#  > > >  >  > Форум >  > > >  >  > Буддийские форумы >  > > >  >  > Тибетский буддизм >  > > >  >  > Кагью >  > > >  >  >  Что символизирует мудра Кармапы 16?

## Мурат

Всем доброго времени суток!
Меня часто спрашивают "новые" в буддизме алмазного пути люди, что означает то, как Кармапа 16 держит руки? Это особая мудра? Что она означает? 
Я сам не знаю. Объясните кто в теме, плиз!

----------


## Владимир Николаевич

> Что символизирует мудра Кармапы 16?


Реализацию Махамудры, состояние Ваджрадхары (Дордже Чанга).

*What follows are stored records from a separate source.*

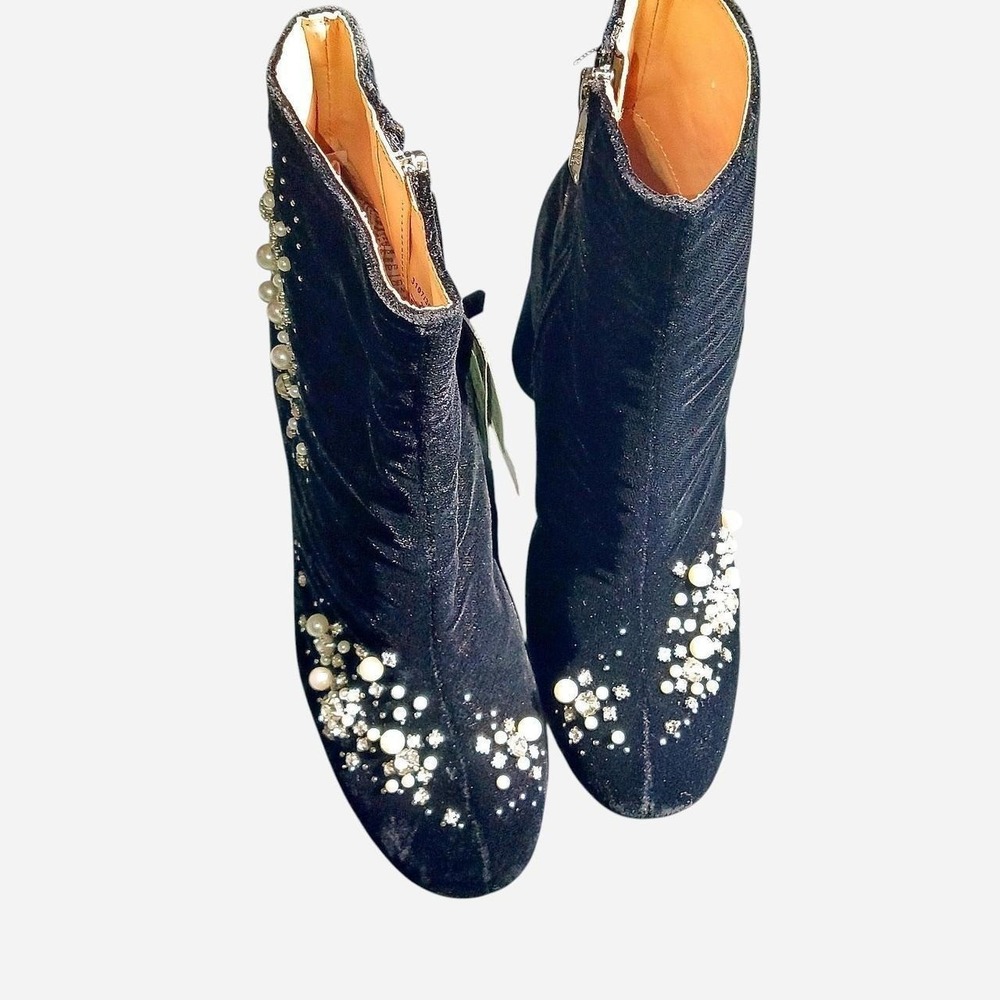 Black Zara velvet ankle boots with rhinestones and white pearl embellishments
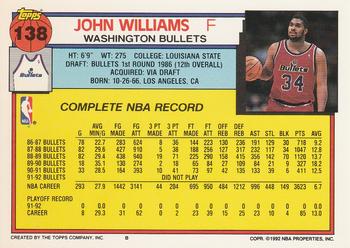 1992-93 Topps #138 John Williams Back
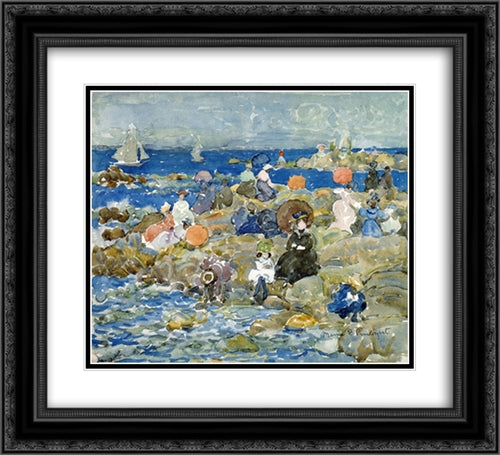 Holiday, Nahant 22x20 Black Ornate Wood Framed Art Print Poster with Double Matting by Prendergast, Maurice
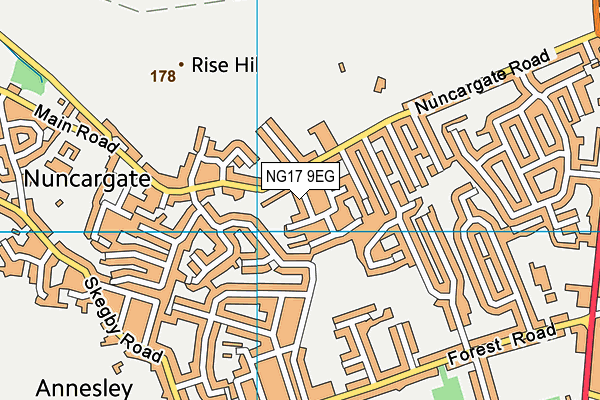 NG17 9EG map - OS VectorMap District (Ordnance Survey)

Союз Метода и Мудрости, союз двух аспектов Бодхичитты, союз Радости и Пространства осознавания, ... .
Вобщем весь тотже символизм, что и подобное положение рук с ваджром и гхантой (дорджем и дильбой, алмазом\молнией и колокольчиком) в инфо-графике формы Будды Ваджрадхары.

(п.с. Спасибо! за фото и изображение)

----------

Гошка (04.06.2018), Мурат (06.06.2018)

----------


## Мурат

Спасибо, но я имел ввиду, почему у него так сложены пальцы, типа "Хеви метал Рок"? :Smilie:

----------


## Shus

Изначально (индийское) - это Karana Mudra. Отгоняет всякую нечисть и т.п. 
Заимствована у католиков. :Smilie:

----------

Мурат (07.06.2018)

----------


## Кхьенце Гьял

Сострадание как путь единства метода и мудрости, все очень просто!)))

----------